SUPPLIED INFORMATION below:

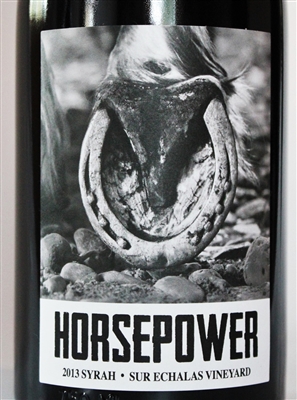 750ml bottle of 2013 Horsepower Syrah from the Sur Echalas Vineyard in Walla Walla Valley of Washington State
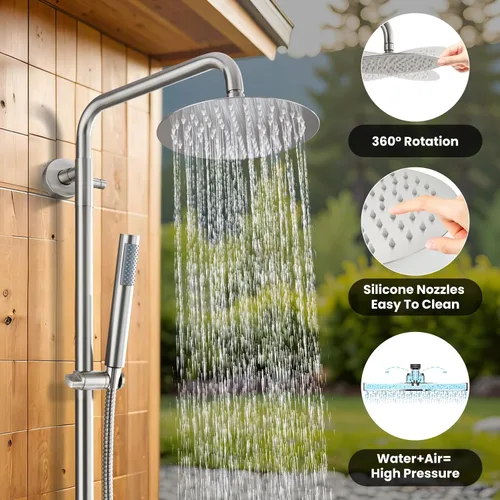 Vista 5 de gotonovo Accesorios de ducha al aire libre SUS304 Kit de ducha de lluvia de acero inoxidable grifo de alta presión montaje en pared 2 doble función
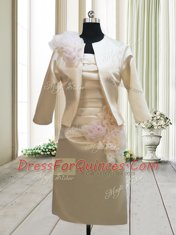Champagne Column/Sheath Strapless Sleeveless Satin Mini Length Zipper Ruching and Hand Made Flower Prom Dress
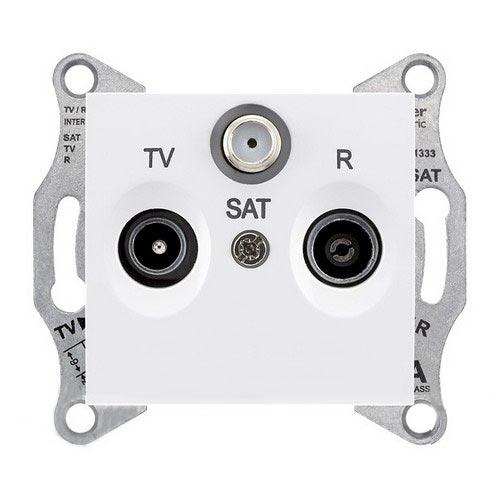 Schneider Electric Sedna  Белый Розетка механизм TV/R/SAT проходной 8dB IP20 скрытая установка SDN3501221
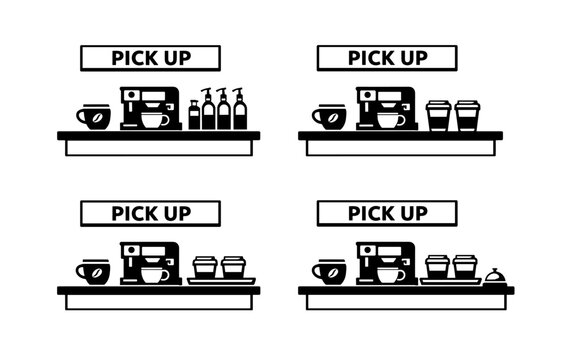 Coffee shop pickup layout with beverage station and pastry dome
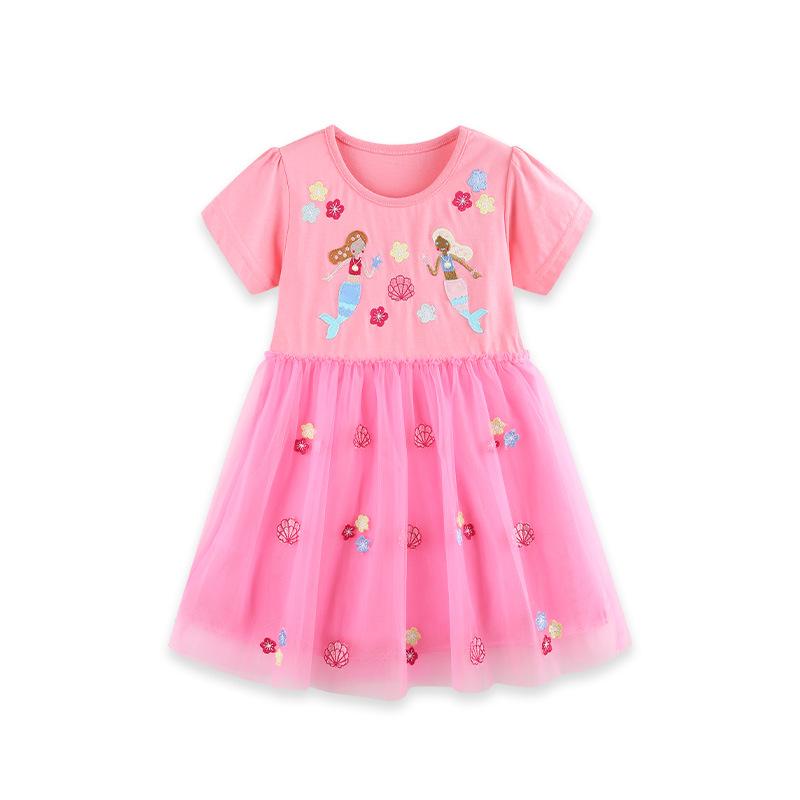Summer New Arrivals: Girls Mesh Skirt, Cartoon Embroidered Short Sleeve Dress 110cm - 4Y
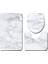 Y181009-C001 50X80 cm Zeegle 3 Adet Banyo Paspas Seti Mermer Desen Banyo Halıları Kaymaz Banyo Paspas Ayaklı Halı U-Şekilli Tuvalet Halısı Banyo Halısı (Yurt Dışından) 1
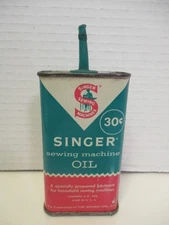 Vintage Handy Oiler Oil Can - SINGER SEWING MACHINE OIL - 30 cent variety
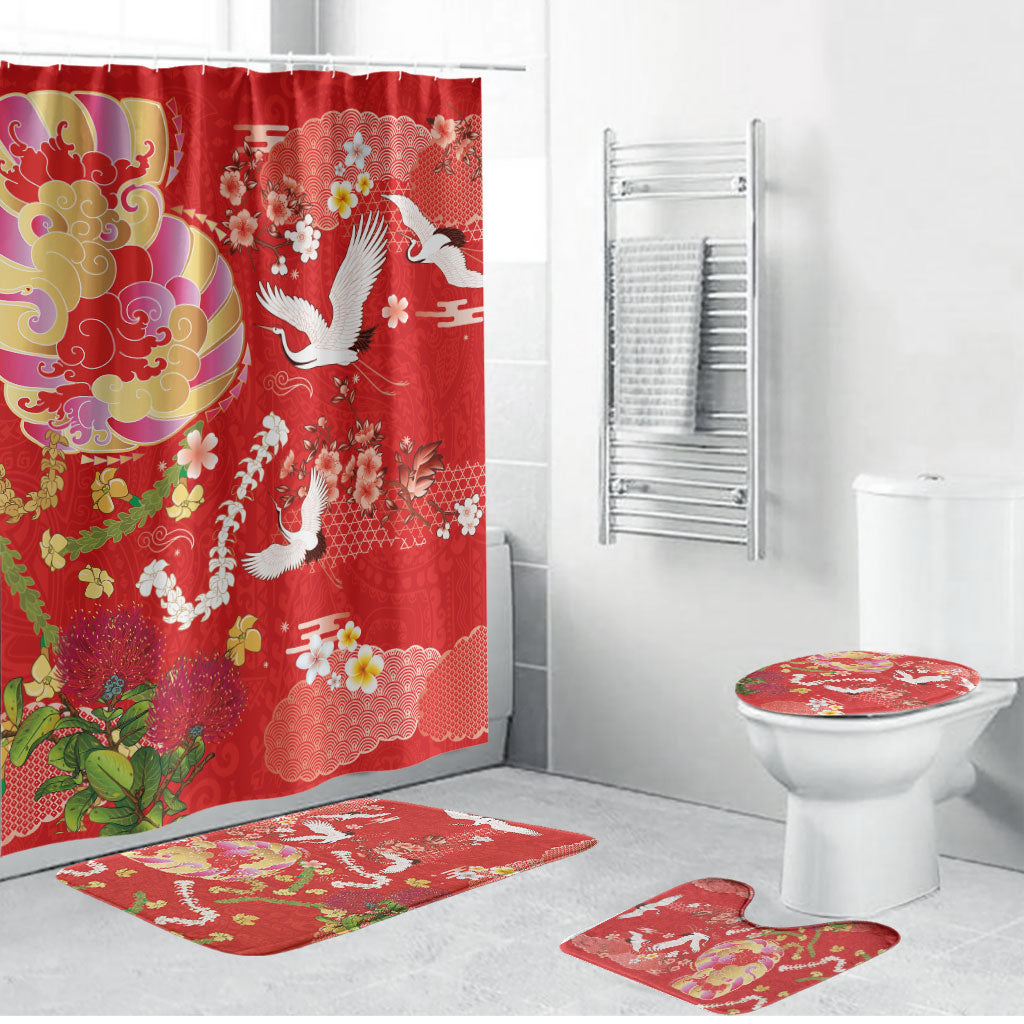 Hawaiian and Japanese Culture Together Bathroom Set Kakau Tribal Pattern and Irezumi Art Red Color LT03 Bathroom Set (4 pcs) Red - Polynesian Pride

End of SUPPLIED INFORMATION.

_WHAT TO PRODUCE:_
Using the data above, transcribe exactly the lines between those containing "Vista 5 de gotonovo" and "Coffee shop pickup", inclusive, and leave every picture behind.

_RESULT OF THE TASK:_
 Vista 5 de gotonovo Accesorios de ducha al aire libre SUS304 Kit de ducha de lluvia de acero inoxidable grifo de alta presión montaje en pared 2 doble función
Champagne Column/Sheath Strapless Sleeveless Satin Mini Length Zipper Ruching and Hand Made Flower Prom Dress
 Schneider Electric Sedna  Белый Розетка механизм TV/R/SAT проходной 8dB IP20 скрытая установка SDN3501221
 Coffee shop pickup layout with beverage station and pastry dome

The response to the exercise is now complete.